Magherafelt Council Blue Bin Success

 The introduction of the Magherafelt District Council Blue Bin system for the bi-weekly collection of re-cyclable waste has been a tremendous success so far. Paper, cardboard and clean cans are being carefully segregated at the point of use by our householders and packed in a clean condition at a rate well beyond the expectations of the council. While I expected that it would be difficult to achieve a recycling rate of 15% which was the target in many parts of the UK our citizens are regularly achieving up to 20%.

 I am sure that this astounding success is due to the fact that we in the Magherafelt Council have been always ahead of the field in discussing methods of waste management and this planning has undoubtedly spread throughout the District.

 There are two bonuses for the local environment.
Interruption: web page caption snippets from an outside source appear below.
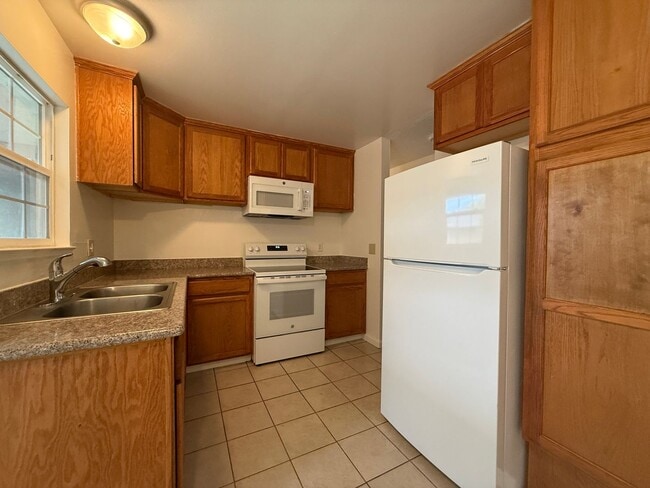 Photo - Lynn Ave Duplex Unit 403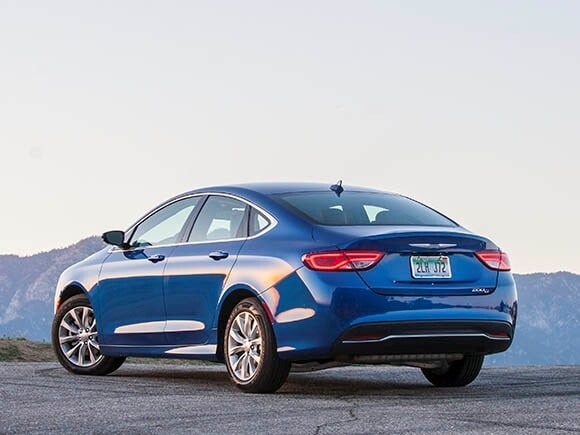 2015-chrysler-200s-exterior-03-600-001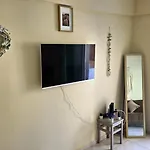 Apartment Stylish 2br With Balcony, Wifi & Pool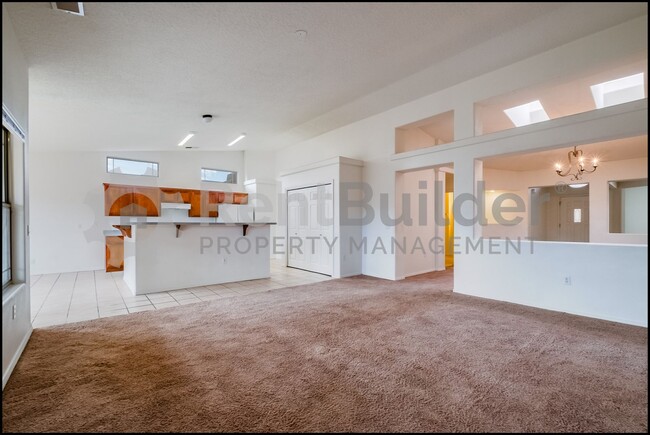 Building Photo - *** WOW PRICE REDUCTION JUST IN TIME FOR S...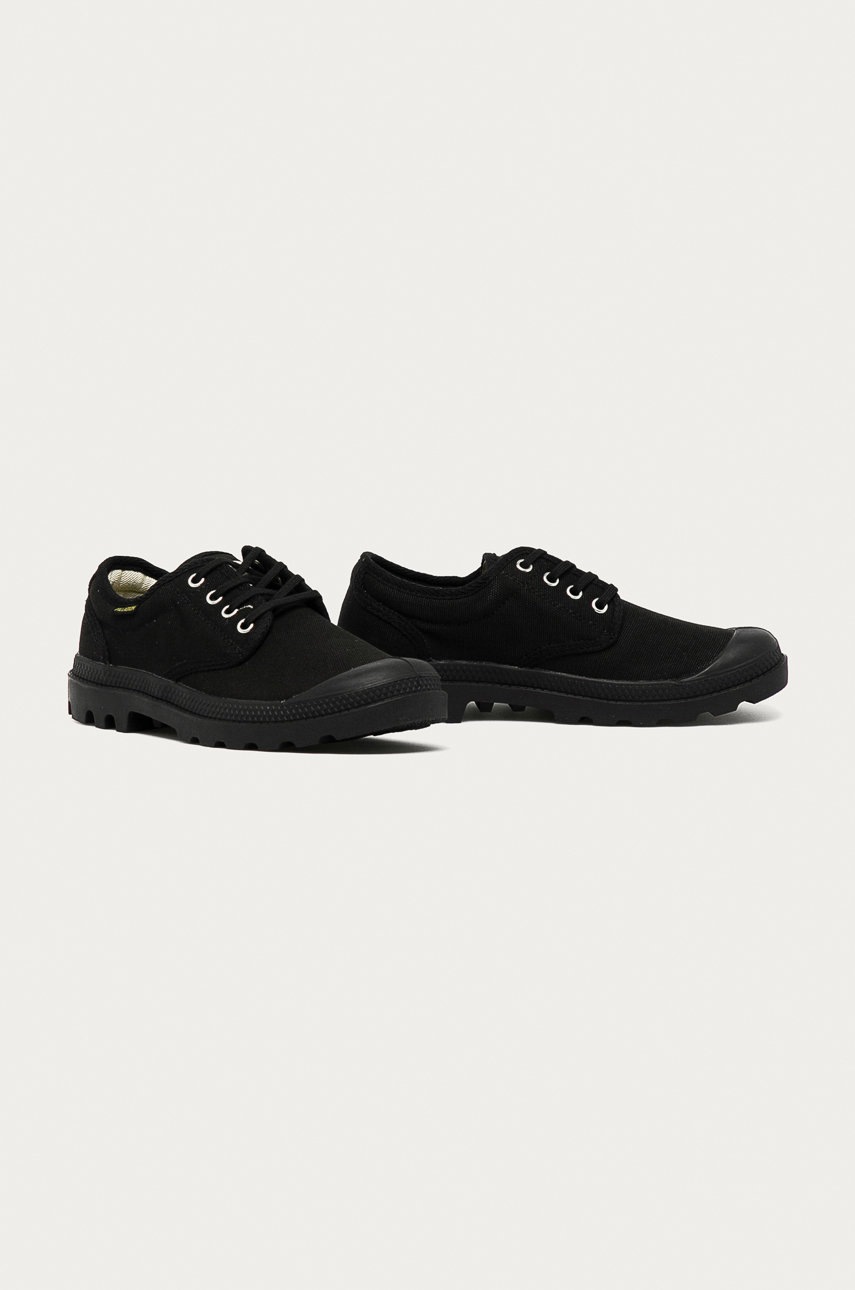 

Кеди Palladium колір чорний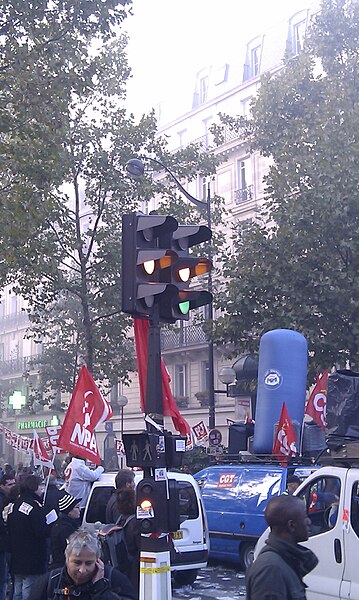 File:Manifestation contre la réforme des retraites le 19 Octobre 2010 - Boulevard Arago - Boulevard de Port-Royal.jpg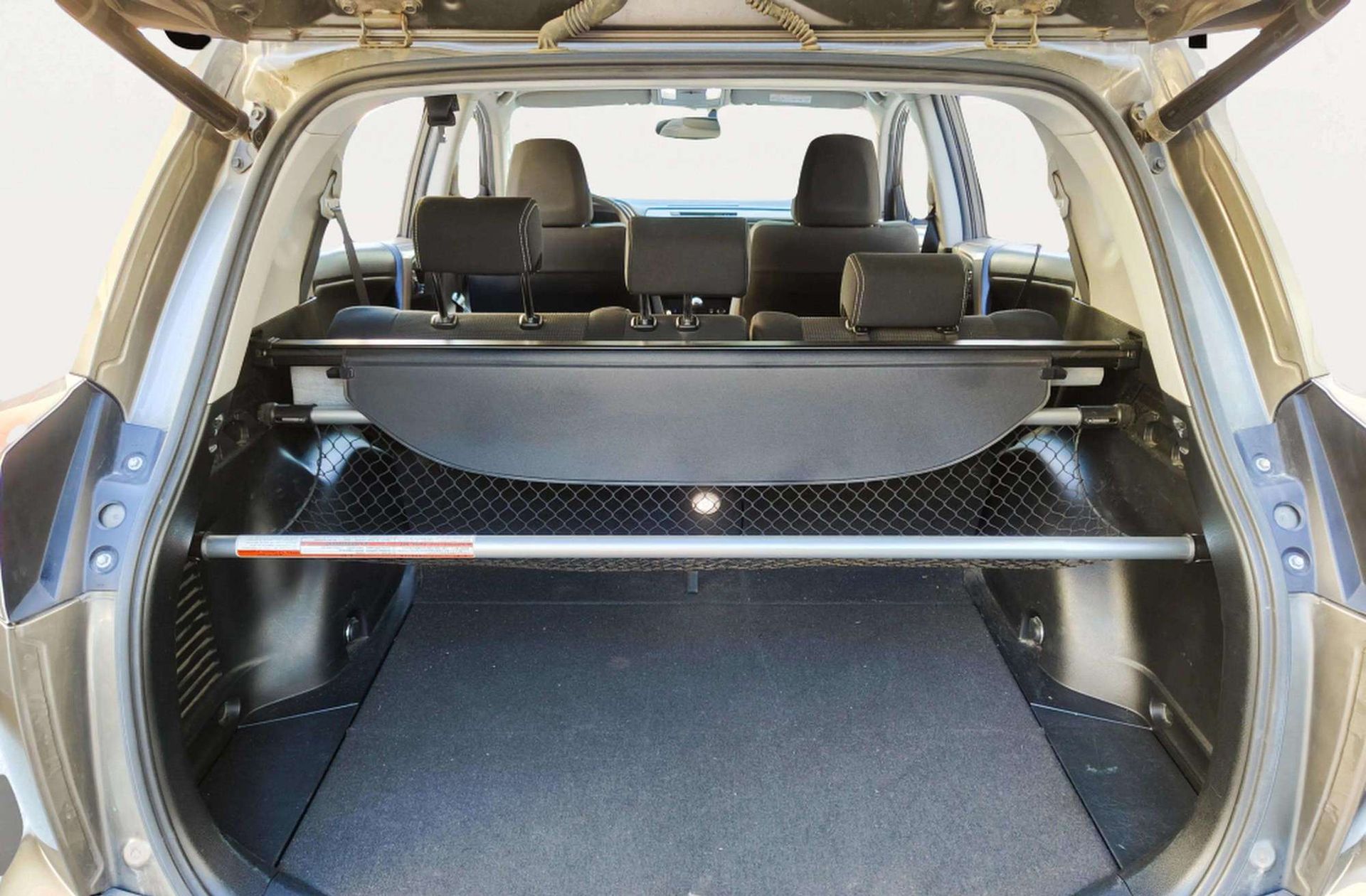 Toyota RAV4 150D 2WD Advance - foto 16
Firstly, there is much less material from black bins being dumped into our own land-fill site to rot and pollute the air and water table. Secondly, the further processing of the blue bin materials is reducing the need to cut down trees for paper and is also reducing the amount of mining required to produce new tins and cans.

 Another bonus is the progress towards achieving the targets for re-cycling which have been fixed by the European Community and which we must meet or suffer severe financial penalties. We still have a long way to go.

 The Council’s next step is to make a success of composting separated kitchen waste. Various options that we have looked at over the last few years have been less than successful or even bitten the dust. A very expensive Swedish trial near Gothenborg which Magherafelt Councillors viewed two years ago has now been closed down because the Swedes were not able to control the obnoxious smells that wafted around the neighbouring residential area. And an equally expensive German waste composting plant was having difficulties in getting a market for the rather poor final product that they produced. Let us hope that the much smaller scale experiment that our council is presently launching will be more successful. We should all know in three to four months time.

  It is unlikely that we can recycle enough by the various methods presently open to us to satisfy the EC requirements and we will be forced to embrace thermal treatment methods to avoid penalties. If we chose just to ignore the regulations we then will have to cart waste to somebody else’s thermal plant and be a victim of a punitive gate-price that is outside our control. Some hard thinking still needs to be done but I am confident that the Council at Magherafelt will still be ahead of the field in waste management for years to come. This is just what the ratepayers have ordered!